Ainsi avec son regard renouvelé, Paul a pu déclarer « Je peux tout en celui qui me rend puissant ». Au lieu de se lamenter en disant « Je ne peux pas » ou « je veux autre chose », Paul connait Dieu dans son amour, dans sa puissance, dans sa bonté. Il peut, lui Paul se contenter, en faisant pleinement confiance, de l’état dans lequel il se trouvait…

Si nous nous souvenons ainsi que « tout concourt au bien de ceux qui aiment Dieu » (comme Paul le dit par ailleurs), alors notre manière de voir la vie, de voir ses circonstances, sera tout autre. Cette foi va créer en nous une puissance qui nous rendra capables de vivre aussi bien dans le manque que de vivre dans l’abondance. Parce que, quelles que soient les circonstances, nous saurons que Dieu nous place là où il veut, et que c’est bien, que c’est bon.

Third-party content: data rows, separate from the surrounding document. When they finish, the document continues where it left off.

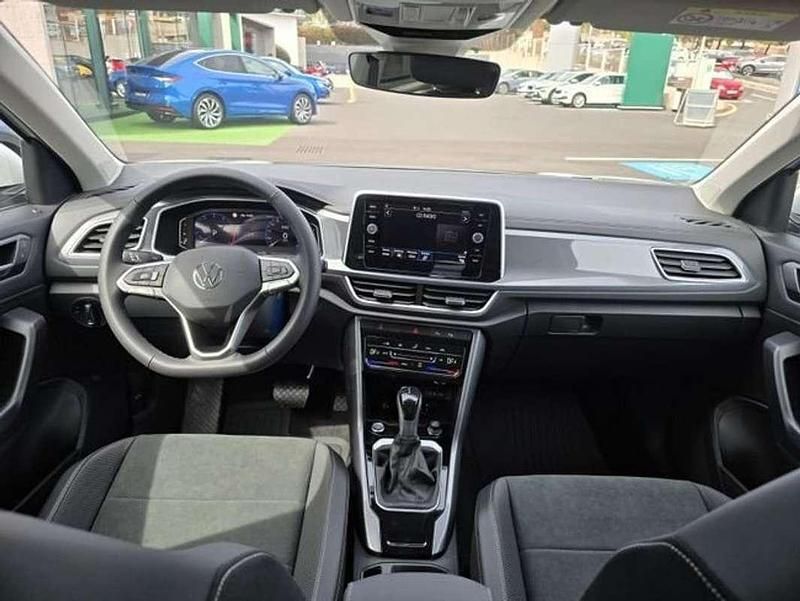 Nuevo VW T-Roc Life 150 CV (110 kW) 2025 Blanco SUV
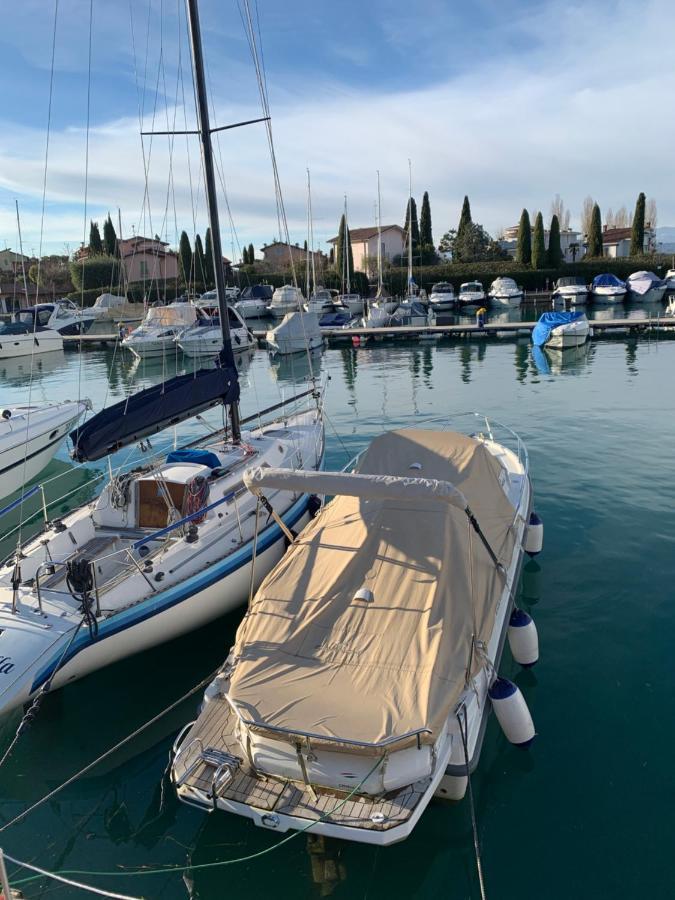 Casa Della Regina Lejlighed Sirmione Eksteriør billede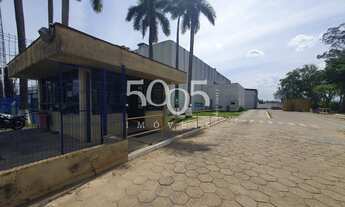 Imagem 2: Imóvel industrial para locação em Itu- SP, em rodovia: com salas corporativa, banheiros e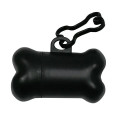 Bone Shaped Dog Bag Holder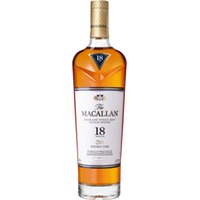 The Macallan Double Cask 18 years old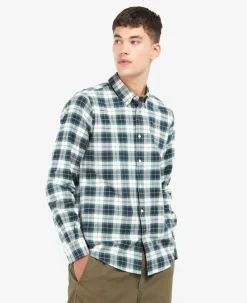Barbour Shirts & Tops|Shirts<Men's Oxbridge Tailored Shirt SS24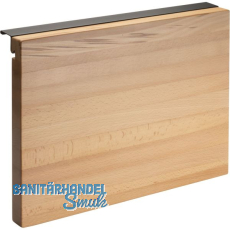 DOMUS LINE SYSTEMA Schneidbrett schwarz DOMUS LINE SYSTEMA Schneidbrett schwarz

Et c’est ainsi que nous pourrons vouloir ce que nous avons, plus que de vouloir ce que nous n’avons pas !

N’oublions pas que ce qui nous rend capables d’être pleinement satisfaits, quelles que soient les circonstances, quelles que soient les épreuves, c’est Christ qui le donne : « je peux tout en Christ qui me rend puissant ». Et donc, le secret du contentement de Paul, c’est aussi cela : c’est avoir Christ dans sa vie et se satisfaire de Christ, faire de Christ sa satisfaction. Paul avait appris – face aux épreuves du manque et de l’abondance – que Christ était suffisant pour lui. Qu’en Christ, il a tout ce dont il a besoin pour traverser ces épreuves.

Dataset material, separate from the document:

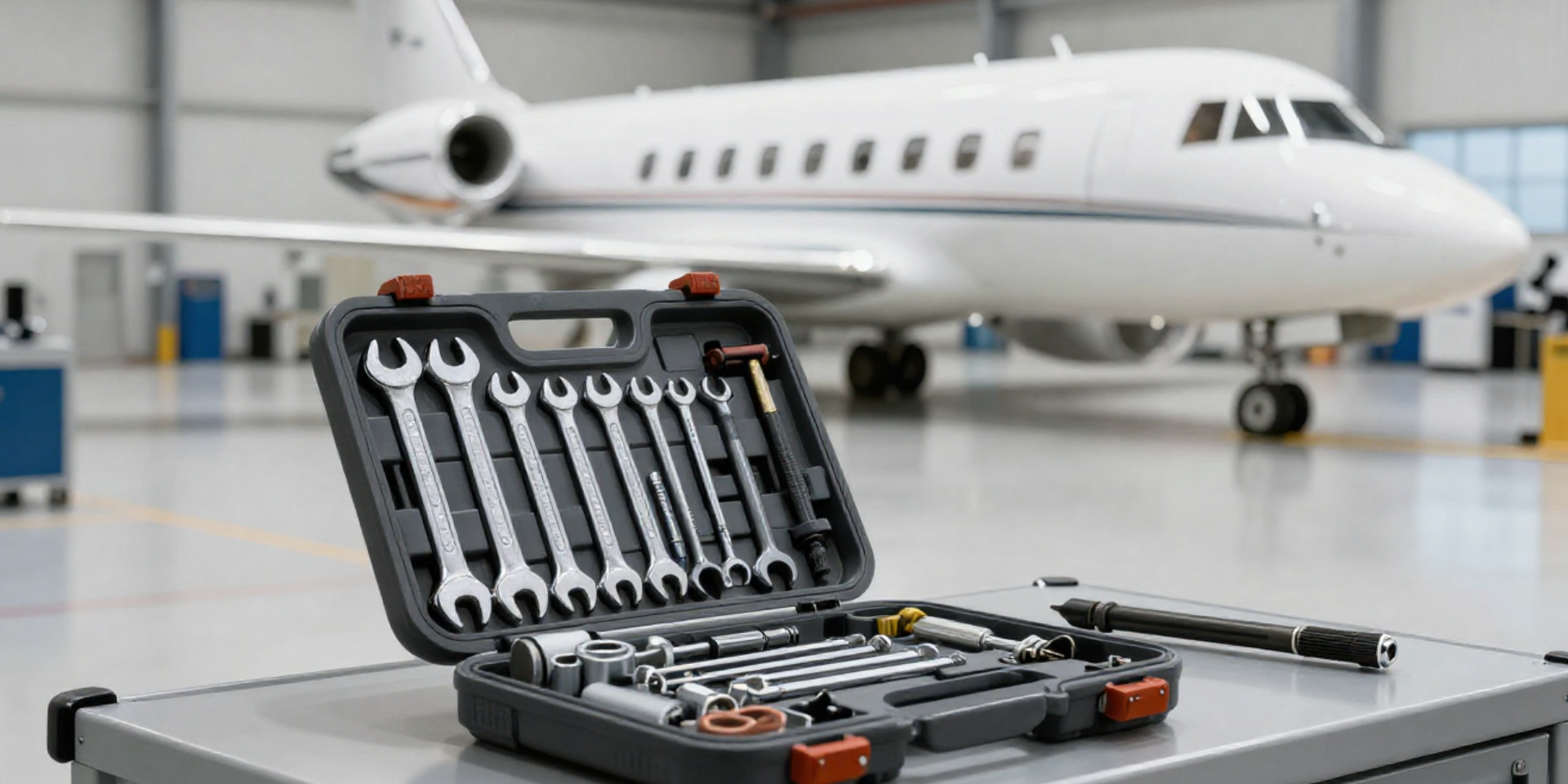 How to Choose the Right Aircraft Maintenance Tools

Et nous aussi : quand on connait Jésus-Christ, quand on connaît son amour, oui, on peut dire avec Paul : « Je peux tout en Christ qui me rend puissant ». En fait la puissance ne vient pas de nous, elle vient du Seigneur en qui l’on croit. Ce Seigneur, il est cet incomparable berger qui prend soin de nous, qui nous fortifie, qui nous vivifie.

Pour aller à l’essentiel… le secret du contentement, c’est la confiance.

Voilà. Paul n’avait qu’un seul message, finalement : Faites confiance à Christ, placez votre foi en lui. Vous pouvez surmonter vos épreuves, parce que ce qu’il vous donne de vivre, c’est ce qui est bon pour vous. Et vous pouvez être dans la joie, Christ, c’est la force et la joie, c’est la force de la joie, c’est la force invincible de la vie.

C’est cela le secret de Paul, c’est cela le secret de sa joie : quelles que soient les circonstances, nous pouvons faire confiance à Christ, parce qu’il nous comble de sa présence et de son amour.